Having published a prize-winning French novel, the Algerian journalist Kamel Daoud began receiving invitations to write for European and American papers. Now he has become a target of condemnation—most notably in an open letter by a group of nineteen professors in France. The reason: he has criticized Saudi Arabia, labeled attitudes toward women in Arab countries as “sick,” and otherwise challenged the orthodoxies of his erstwhile patrons on the Western left. Paul Berman and Michael Walzer write:
The denunciations of Daoud are . . . doubly distressing because they conform to a pattern that has become familiar. It goes like this: a writer with liberal ideas emerges from a background in Muslim countries, or perhaps lives there now. The writer proposes criticisms of Islam as it is practiced, or of sexual repression under Islamic domination (a major theme), or of the Islamist movement. The criticisms seem blasphemous to the Islamists and the reactionary imams, who respond in their characteristic fashion.
In the Western countries, intellectuals who mostly think of themselves as progressive make their own inquiry into the writer and his or her ideas. They hope to find oblique and reticent criticisms of a sort that they themselves produce. But they find something else—criticisms that are angrier and more vehement, or more sweeping, or more direct.

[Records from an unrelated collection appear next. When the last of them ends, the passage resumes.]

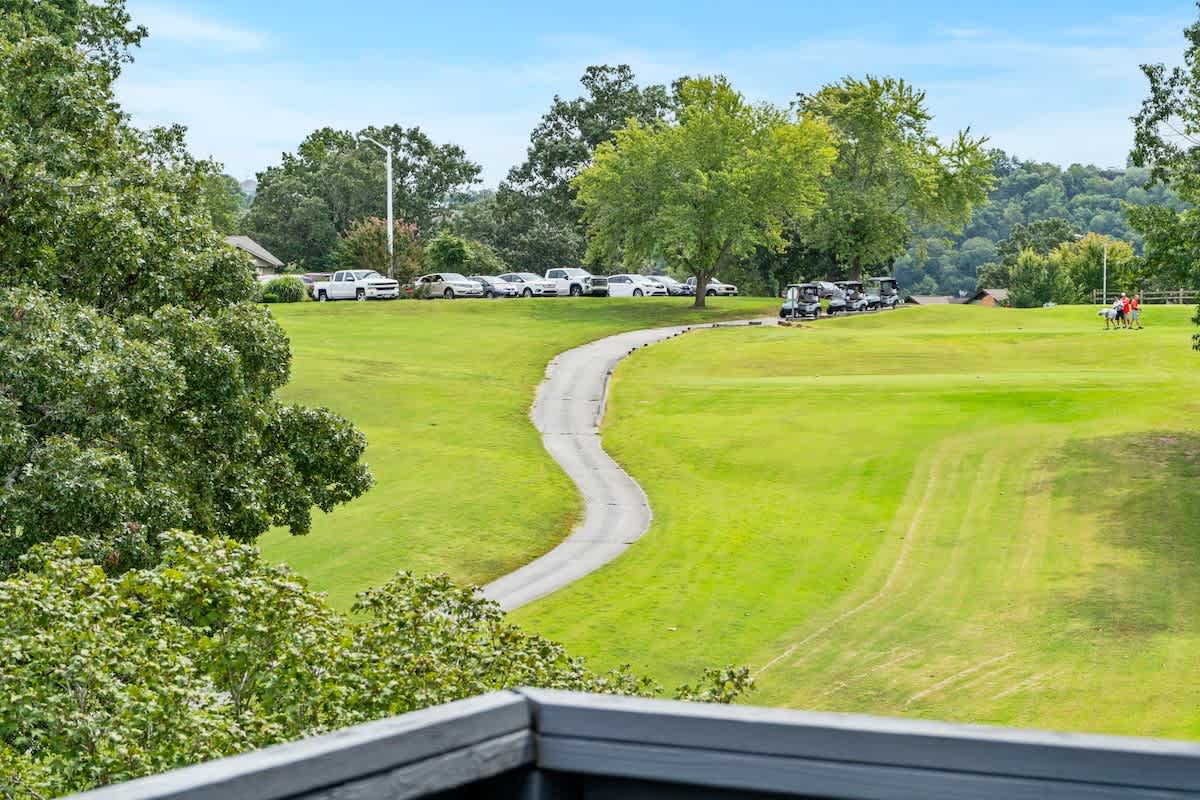 View from private balcony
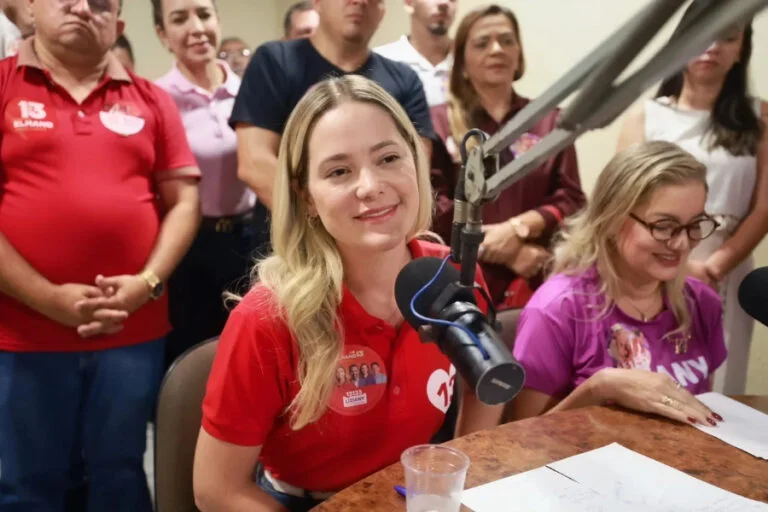 Tainah defende reeleição do governador Elmano em entrevistas e atividades de campanha
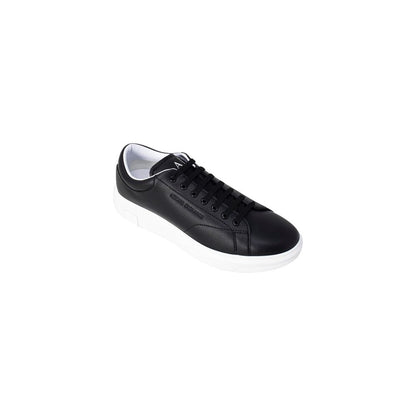Zapatillas deportivas de cuero negro Armani Exchange de corte bajo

The Western intellectuals, some of them, recoil in consternation. And, as if liberated from their reticence, they issue their own condemnation of the offending writer, not on grounds of blasphemy but on grounds that purport to be left-wing. The Western intellectuals accuse the liberal from the Muslim world of being a racist against Muslims, or an Islamophobe, or a “native informant” and a tool of imperialism. Sometimes they accuse the liberal from the Muslim world of stupidity, too, or lack of talent.